[ACTIVITY]
Your answer must be the full set of records, repeated exactly.

· · · ·

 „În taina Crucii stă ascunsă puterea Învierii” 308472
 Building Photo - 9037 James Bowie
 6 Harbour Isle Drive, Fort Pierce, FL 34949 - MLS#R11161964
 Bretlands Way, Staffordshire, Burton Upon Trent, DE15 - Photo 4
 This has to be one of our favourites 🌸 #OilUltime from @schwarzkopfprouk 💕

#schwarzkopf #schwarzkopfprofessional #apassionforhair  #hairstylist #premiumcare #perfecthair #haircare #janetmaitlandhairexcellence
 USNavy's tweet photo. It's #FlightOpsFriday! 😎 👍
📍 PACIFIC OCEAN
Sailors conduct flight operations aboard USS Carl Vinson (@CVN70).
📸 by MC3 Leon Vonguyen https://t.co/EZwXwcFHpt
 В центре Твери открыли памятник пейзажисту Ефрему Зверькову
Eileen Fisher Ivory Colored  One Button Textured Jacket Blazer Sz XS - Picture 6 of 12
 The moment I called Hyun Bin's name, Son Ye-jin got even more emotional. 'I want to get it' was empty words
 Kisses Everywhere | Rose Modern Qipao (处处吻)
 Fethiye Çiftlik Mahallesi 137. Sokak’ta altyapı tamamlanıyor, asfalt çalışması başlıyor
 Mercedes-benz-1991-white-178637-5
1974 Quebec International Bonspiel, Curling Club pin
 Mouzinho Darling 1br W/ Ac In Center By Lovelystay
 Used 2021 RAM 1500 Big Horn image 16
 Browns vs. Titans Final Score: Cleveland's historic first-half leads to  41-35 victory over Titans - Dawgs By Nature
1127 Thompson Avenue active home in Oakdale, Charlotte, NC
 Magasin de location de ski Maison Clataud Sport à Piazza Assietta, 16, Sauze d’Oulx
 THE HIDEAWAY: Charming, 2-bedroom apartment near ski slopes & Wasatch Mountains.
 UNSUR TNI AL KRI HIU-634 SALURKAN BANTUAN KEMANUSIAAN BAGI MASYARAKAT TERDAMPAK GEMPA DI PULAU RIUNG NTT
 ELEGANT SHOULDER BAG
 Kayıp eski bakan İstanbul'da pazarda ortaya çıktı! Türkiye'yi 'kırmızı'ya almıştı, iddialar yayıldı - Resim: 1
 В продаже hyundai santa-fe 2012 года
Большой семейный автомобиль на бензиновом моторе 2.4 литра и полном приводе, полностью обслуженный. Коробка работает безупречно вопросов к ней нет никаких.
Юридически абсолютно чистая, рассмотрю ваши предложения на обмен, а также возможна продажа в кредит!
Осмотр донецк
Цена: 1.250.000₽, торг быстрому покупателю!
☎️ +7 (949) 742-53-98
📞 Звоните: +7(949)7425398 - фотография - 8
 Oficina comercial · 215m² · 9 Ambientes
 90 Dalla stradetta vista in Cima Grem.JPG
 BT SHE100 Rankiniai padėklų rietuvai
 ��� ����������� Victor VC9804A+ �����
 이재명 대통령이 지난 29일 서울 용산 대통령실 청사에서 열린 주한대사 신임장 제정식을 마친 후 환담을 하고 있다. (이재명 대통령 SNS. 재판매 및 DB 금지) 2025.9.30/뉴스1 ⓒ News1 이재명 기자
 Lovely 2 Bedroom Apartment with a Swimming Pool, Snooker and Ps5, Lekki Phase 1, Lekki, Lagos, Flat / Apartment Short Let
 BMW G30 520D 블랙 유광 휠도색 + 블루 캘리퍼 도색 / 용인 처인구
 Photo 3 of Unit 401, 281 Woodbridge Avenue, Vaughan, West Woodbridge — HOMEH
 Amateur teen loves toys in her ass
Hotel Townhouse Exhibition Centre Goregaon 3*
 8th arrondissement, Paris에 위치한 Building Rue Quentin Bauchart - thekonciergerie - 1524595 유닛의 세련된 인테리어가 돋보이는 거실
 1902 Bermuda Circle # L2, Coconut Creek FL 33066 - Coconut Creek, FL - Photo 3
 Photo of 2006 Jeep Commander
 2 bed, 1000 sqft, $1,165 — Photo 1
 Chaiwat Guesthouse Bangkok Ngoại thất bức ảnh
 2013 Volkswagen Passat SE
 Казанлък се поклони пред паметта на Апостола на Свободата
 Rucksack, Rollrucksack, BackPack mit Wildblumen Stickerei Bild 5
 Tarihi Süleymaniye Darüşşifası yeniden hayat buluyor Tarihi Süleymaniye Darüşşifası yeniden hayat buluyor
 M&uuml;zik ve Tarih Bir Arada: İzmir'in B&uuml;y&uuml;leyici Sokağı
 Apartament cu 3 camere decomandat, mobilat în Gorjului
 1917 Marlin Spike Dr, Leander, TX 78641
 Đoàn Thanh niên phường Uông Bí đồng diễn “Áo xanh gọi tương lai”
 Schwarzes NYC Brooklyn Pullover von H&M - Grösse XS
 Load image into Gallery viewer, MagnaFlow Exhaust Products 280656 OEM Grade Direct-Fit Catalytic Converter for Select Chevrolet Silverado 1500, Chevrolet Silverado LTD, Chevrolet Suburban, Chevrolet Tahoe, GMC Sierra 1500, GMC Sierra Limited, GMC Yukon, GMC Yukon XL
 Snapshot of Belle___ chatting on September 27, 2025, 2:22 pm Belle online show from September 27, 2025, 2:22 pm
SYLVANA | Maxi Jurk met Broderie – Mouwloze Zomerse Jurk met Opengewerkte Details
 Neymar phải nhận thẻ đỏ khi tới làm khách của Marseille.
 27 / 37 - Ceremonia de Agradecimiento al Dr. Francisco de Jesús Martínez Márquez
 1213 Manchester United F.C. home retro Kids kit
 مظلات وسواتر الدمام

· · · ·

[EXERCISE SOLUTION]
 „În taina Crucii stă ascunsă puterea Învierii” 308472
 Building Photo - 9037 James Bowie
 6 Harbour Isle Drive, Fort Pierce, FL 34949 - MLS#R11161964
 Bretlands Way, Staffordshire, Burton Upon Trent, DE15 - Photo 4
 This has to be one of our favourites 🌸 #OilUltime from @schwarzkopfprouk 💕

#schwarzkopf #schwarzkopfprofessional #apassionforhair  #hairstylist #premiumcare #perfecthair #haircare #janetmaitlandhairexcellence
 USNavy's tweet photo. It's #FlightOpsFriday! 😎 👍
📍 PACIFIC OCEAN
Sailors conduct flight operations aboard USS Carl Vinson (@CVN70).
📸 by MC3 Leon Vonguyen https://t.co/EZwXwcFHpt
 В центре Твери открыли памятник пейзажисту Ефрему Зверькову
Eileen Fisher Ivory Colored  One Button Textured Jacket Blazer Sz XS - Picture 6 of 12
 The moment I called Hyun Bin's name, Son Ye-jin got even more emotional. 'I want to get it' was empty words
 Kisses Everywhere | Rose Modern Qipao (处处吻)
 Fethiye Çiftlik Mahallesi 137. Sokak’ta altyapı tamamlanıyor, asfalt çalışması başlıyor
 Mercedes-benz-1991-white-178637-5
1974 Quebec International Bonspiel, Curling Club pin
 Mouzinho Darling 1br W/ Ac In Center By Lovelystay
 Used 2021 RAM 1500 Big Horn image 16
 Browns vs. Titans Final Score: Cleveland's historic first-half leads to  41-35 victory over Titans - Dawgs By Nature
1127 Thompson Avenue active home in Oakdale, Charlotte, NC
 Magasin de location de ski Maison Clataud Sport à Piazza Assietta, 16, Sauze d’Oulx
 THE HIDEAWAY: Charming, 2-bedroom apartment near ski slopes & Wasatch Mountains.
 UNSUR TNI AL KRI HIU-634 SALURKAN BANTUAN KEMANUSIAAN BAGI MASYARAKAT TERDAMPAK GEMPA DI PULAU RIUNG NTT
 ELEGANT SHOULDER BAG
 Kayıp eski bakan İstanbul'da pazarda ortaya çıktı! Türkiye'yi 'kırmızı'ya almıştı, iddialar yayıldı - Resim: 1
 В продаже hyundai santa-fe 2012 года
Большой семейный автомобиль на бензиновом моторе 2.4 литра и полном приводе, полностью обслуженный. Коробка работает безупречно вопросов к ней нет никаких.
Юридически абсолютно чистая, рассмотрю ваши предложения на обмен, а также возможна продажа в кредит!
Осмотр донецк
Цена: 1.250.000₽, торг быстрому покупателю!
☎️ +7 (949) 742-53-98
📞 Звоните: +7(949)7425398 - фотография - 8
 Oficina comercial · 215m² · 9 Ambientes
 90 Dalla stradetta vista in Cima Grem.JPG
 BT SHE100 Rankiniai padėklų rietuvai
 ��� ����������� Victor VC9804A+ �����
 이재명 대통령이 지난 29일 서울 용산 대통령실 청사에서 열린 주한대사 신임장 제정식을 마친 후 환담을 하고 있다. (이재명 대통령 SNS. 재판매 및 DB 금지) 2025.9.30/뉴스1 ⓒ News1 이재명 기자
 Lovely 2 Bedroom Apartment with a Swimming Pool, Snooker and Ps5, Lekki Phase 1, Lekki, Lagos, Flat / Apartment Short Let
 BMW G30 520D 블랙 유광 휠도색 + 블루 캘리퍼 도색 / 용인 처인구
 Photo 3 of Unit 401, 281 Woodbridge Avenue, Vaughan, West Woodbridge — HOMEH
 Amateur teen loves toys in her ass
Hotel Townhouse Exhibition Centre Goregaon 3*
 8th arrondissement, Paris에 위치한 Building Rue Quentin Bauchart - thekonciergerie - 1524595 유닛의 세련된 인테리어가 돋보이는 거실
 1902 Bermuda Circle # L2, Coconut Creek FL 33066 - Coconut Creek, FL - Photo 3
 Photo of 2006 Jeep Commander
 2 bed, 1000 sqft, $1,165 — Photo 1
 Chaiwat Guesthouse Bangkok Ngoại thất bức ảnh
 2013 Volkswagen Passat SE
 Казанлък се поклони пред паметта на Апостола на Свободата
 Rucksack, Rollrucksack, BackPack mit Wildblumen Stickerei Bild 5
 Tarihi Süleymaniye Darüşşifası yeniden hayat buluyor Tarihi Süleymaniye Darüşşifası yeniden hayat buluyor
 M&uuml;zik ve Tarih Bir Arada: İzmir'in B&uuml;y&uuml;leyici Sokağı
 Apartament cu 3 camere decomandat, mobilat în Gorjului
 1917 Marlin Spike Dr, Leander, TX 78641
 Đoàn Thanh niên phường Uông Bí đồng diễn “Áo xanh gọi tương lai”
 Schwarzes NYC Brooklyn Pullover von H&M - Grösse XS
 Load image into Gallery viewer, MagnaFlow Exhaust Products 280656 OEM Grade Direct-Fit Catalytic Converter for Select Chevrolet Silverado 1500, Chevrolet Silverado LTD, Chevrolet Suburban, Chevrolet Tahoe, GMC Sierra 1500, GMC Sierra Limited, GMC Yukon, GMC Yukon XL
 Snapshot of Belle___ chatting on September 27, 2025, 2:22 pm Belle online show from September 27, 2025, 2:22 pm
SYLVANA | Maxi Jurk met Broderie – Mouwloze Zomerse Jurk met Opengewerkte Details
 Neymar phải nhận thẻ đỏ khi tới làm khách của Marseille.
 27 / 37 - Ceremonia de Agradecimiento al Dr. Francisco de Jesús Martínez Márquez
 1213 Manchester United F.C. home retro Kids kit
 مظلات وسواتر الدمام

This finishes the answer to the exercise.